WPR features Adventures of Tintin

Wisconsin Public Radio featured two comic scholars (Gene Kannenberg, comic scholar; former Chair of the International Comics Art Festival and author of ComicResearch.com and Alex Buchet, American-French comic lover and scholar) as they talk about the international known comic Tintin.

Tintin is the most well-known comic character worldwide, comparable in popularity only to Mickey Mouse. Tintin’s adventures lead him and his readers to such places as China, the Congo, America, and even the moon! But through time and history, Tintin and his Belgian creator Herg’e have not been spared by controversy. Accused of such a serious charge as racism, Herg’e was forced by history to review some of the depictions of the places Tintin visits. So how has Tintin changed over time? And what explains the enduring popularity of Tintin?

Here’s the link to the MP3.

4 thoughts on “WPR features Adventures of Tintin

  1. Herge was a true creative genius. His hard work, attention to detail, and incredible draftsmanship have assured Tintin and all of the adventures a secure place in the history of comics.

    If anyone has the chance to visit Belgium, the new Musee Herge is worth the visit, and will only heighten one’s appreciation for Herge’s creations, especially his lesser known non-Tintin works.

  2. Hergè influenced a lot of comic artists and cartoonists around the world. He was anything but a racist. From the distance of our days, it’s easy to call a man a “racist” who was born in 1907 and grewed up in a very conservative, catholic environment.
    It’s as stupid as calling Marc Twain a racist because he used the N-word in his books.

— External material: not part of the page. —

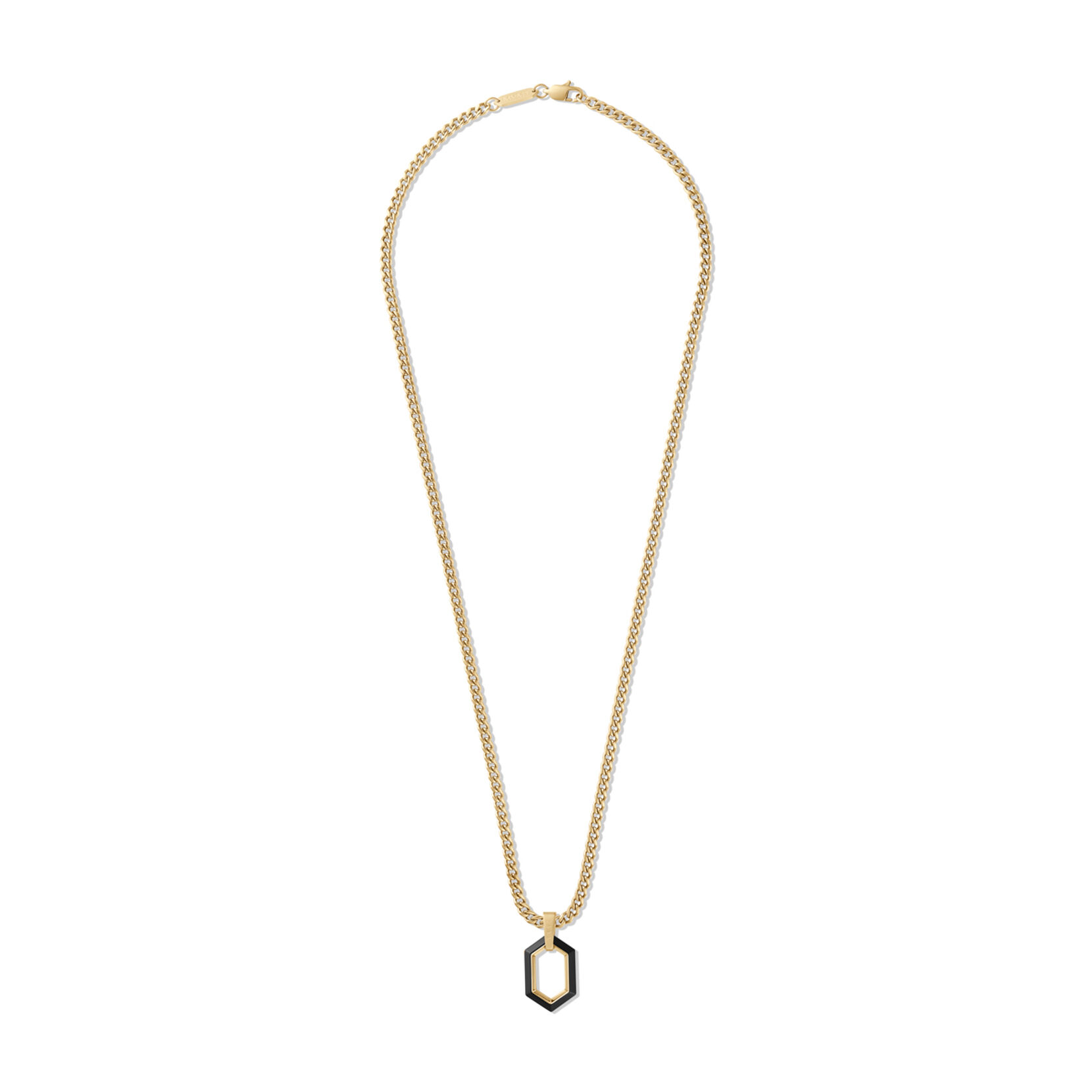 Hex Pendant Curb Chain Necklace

  3. Herge himself regretted his depictions of racial minorities. He was a product of his times, yes, but he was bright enough to realize the errors his times had exposed him to. He was a racist, he knew it, he dealt with it.

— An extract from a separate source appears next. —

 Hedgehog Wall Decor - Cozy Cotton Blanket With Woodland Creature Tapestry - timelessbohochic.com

    The analogy with Twain fails completely. Twain allowed his characters to whitewash a fence, but he never whitewashed his nation’s past.

  4. At the risk of topping it the incredible simpleton, I’d offer the idea that Herge was a man making a living, and did what was fitting of the times, as unseemly as that is to us now (more broadly so, that is). What happened in the end is that Herge became stupendously influential and has paid the price by being judged in historical terms. How many of us would want the chance to have a second pass at an unfulfilled opportunity? Ha… well, except me, of course. The preceding is offered most humbly, only having had the pleasure of being acquainted with Herge’s work for the past six years or so.